I am a prairie girl so I get it when Christ uses images from the land to illustrate his point. Today’s Gospel of the grain of wheat dying makes sense to me. Without giving up our life, we are faced with not bearing fruit–with not becoming who we are meant to be. It is in the letting go, the surrendering in our darkest moments, that bring life. No matter how troubled your soul is, Jesus says we must let God be glorified in these circumstances and drink of the cup before us. The readings today are about suffering and God’s promise of assistance. They seem to fit with my life right now.
On Friday I checked into the hospital for a medical procedure that I had been told would last about an hour. In my mind, I created a scenario that looked very different from reality. Two days later I am still gingerly recovering but optimistic that the seed that is planted continues to grow with thanksgiving. The miracles of medicine really are amazing.

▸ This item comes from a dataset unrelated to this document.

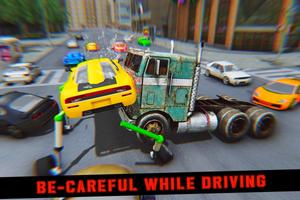 Elevated Car Racing Speed Driving Parking Game Ekran Görüntüsü 2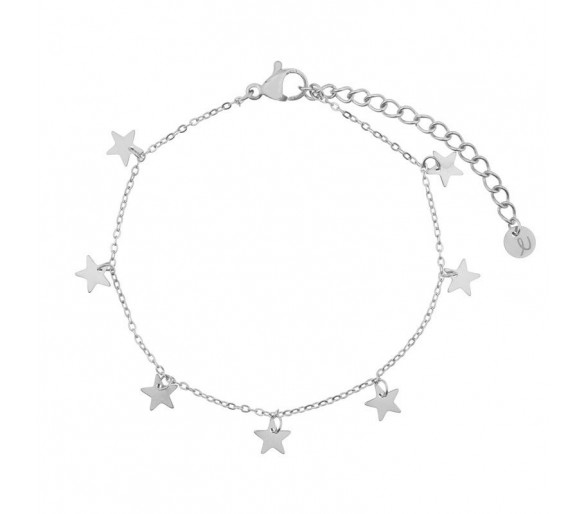 BRACELET A LOT OF STARS - ADULT - SILVER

The day started with a pair of nurses who clearly did not comprehend the image of the grain of wheat dying. It was however the one low point of the day. One of the two created an awkward situation by some bizarre and borderline unprofessional behaviour by freaking out about the choice of my accompanier who to put the nurse at ease, I asked to leave the room. She was capable at her job but how she carried it out created unnecessary havoc for her colleague, my friend, and me. As someone who coaches people for a living, she has no idea how selfish and obnoxious she was being. Instead of helping to calm me for surgery, she upset me. She could not die to her own fears and insecurities and in the end, did me harm. I see it sometimes in my line of work–the person is so focused on what she needs that the student’s needs suffer. When we make something about us that really should be about someone else, it does not matter how good our skills are. We have missed the boat entirely. The fact that this nurse remained clueless about this bothers me enough to write about it and to follow it up once I am well enough.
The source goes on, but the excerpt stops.